___ Supplied material ___

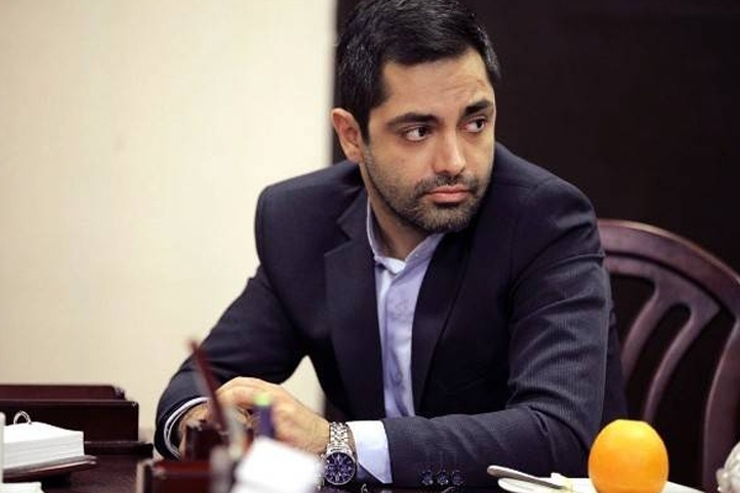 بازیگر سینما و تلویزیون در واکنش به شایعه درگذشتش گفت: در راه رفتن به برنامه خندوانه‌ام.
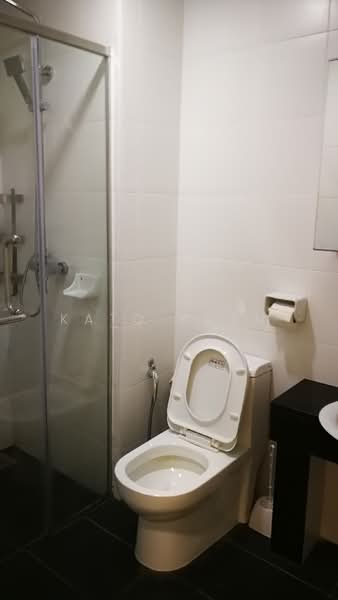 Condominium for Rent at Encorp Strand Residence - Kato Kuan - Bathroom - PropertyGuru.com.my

___
___ Supplied material ___

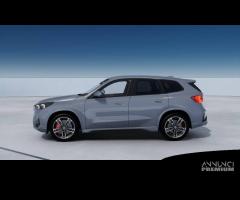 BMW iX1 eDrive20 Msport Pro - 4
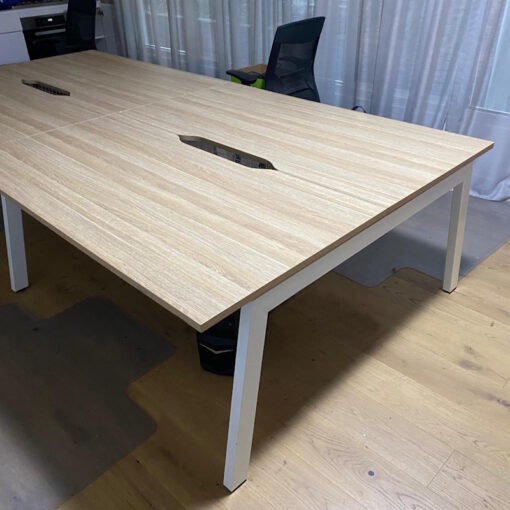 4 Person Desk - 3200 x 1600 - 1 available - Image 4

___

Task description —
Nothing but the lines from the one containing "بازیگر سینما و" through the one containing "Condominium for Rent" should appear, copied exactly from the material above and without pictures.

Exercise solution —
 بازیگر سینما و تلویزیون در واکنش به شایعه درگذشتش گفت: در راه رفتن به برنامه خندوانه‌ام.
 Condominium for Rent at Encorp Strand Residence - Kato Kuan - Bathroom - PropertyGuru.com.my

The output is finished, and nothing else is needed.